Re: overloading show function
Philipp Schneider <philipp.schneider5 <at> gmx.net>
2011-06-30 23:47:42 GMT
On 06/30/2011 11:46 PM, Holger Siegel wrote:
> Am 30.06.2011 um 22:57 schrieb Philipp Schneider:
>> On 06/30/2011 09:49 PM, Holger Siegel wrote:
>>> (...) But that won't work: After you have evaluated an entry of the environment, you store the resulting
value but you throw away its updated environment. That means, you lose the results of all subcomputations
instead of propagating them to all other copies of the environment. Consider the following expression:
>>> let x = big_computation in let y = x in y + x
>>> First, big_computation is bound to the name x, resulting in an environment [("x", big_computation)].

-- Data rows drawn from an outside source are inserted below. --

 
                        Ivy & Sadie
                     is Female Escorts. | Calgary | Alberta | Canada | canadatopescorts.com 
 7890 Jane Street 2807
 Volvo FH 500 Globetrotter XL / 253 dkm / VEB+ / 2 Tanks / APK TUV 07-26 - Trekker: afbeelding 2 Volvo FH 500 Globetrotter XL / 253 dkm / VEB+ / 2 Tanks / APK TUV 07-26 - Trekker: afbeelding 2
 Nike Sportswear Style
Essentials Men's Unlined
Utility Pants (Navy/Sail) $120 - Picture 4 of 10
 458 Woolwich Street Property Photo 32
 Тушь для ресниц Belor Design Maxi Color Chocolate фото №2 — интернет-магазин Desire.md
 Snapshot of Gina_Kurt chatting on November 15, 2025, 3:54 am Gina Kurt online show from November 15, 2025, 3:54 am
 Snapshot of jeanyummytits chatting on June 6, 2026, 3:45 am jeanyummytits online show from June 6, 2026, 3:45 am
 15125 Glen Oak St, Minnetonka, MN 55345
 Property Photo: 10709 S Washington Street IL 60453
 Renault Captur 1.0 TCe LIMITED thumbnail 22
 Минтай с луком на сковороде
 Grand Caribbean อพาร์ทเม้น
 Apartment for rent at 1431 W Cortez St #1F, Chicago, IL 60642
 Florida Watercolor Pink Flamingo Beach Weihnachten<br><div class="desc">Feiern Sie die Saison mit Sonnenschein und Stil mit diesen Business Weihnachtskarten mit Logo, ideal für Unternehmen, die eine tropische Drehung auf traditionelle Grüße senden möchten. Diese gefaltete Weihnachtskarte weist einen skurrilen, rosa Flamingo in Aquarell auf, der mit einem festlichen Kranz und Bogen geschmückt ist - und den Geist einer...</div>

Then a closure consisting of this environment together with the right hand side 'x' is bound to the name y.
Now y+x is evaluated: The closure is entered, and from its environment the content of x - a call to
big_computation - is looked up. Now big_computation is evaluated and the result is bound to x in this
environment. After that, this result is also returned as the value of y. But when returning from the
evaluation of y, the environment with the updated value of x is lost and you have to re-evaluate it in order
to calculate x+y!
>> Hello Holger,
>> Can you give me an example of a lambda term in which this would be an issue?
>> Evaluating the following works just fine in my implementation.
>> interp (App (Lam "x" (Add (Var "x") (Var "x"))) big_computation) 
>> When the first variable "x" is evaluated my interp function returns the
>> value and the updated environment. Then to evaluate the second variable
>> the value is just looked up from this environment.
>> Of course in the following big_computation would be evaluated twice
>> (App (Lam "x" (App (Lam "y" (Add (Var "x") (Var "y"))) big_computation))
>> But i simply don't have a concept like let x=y.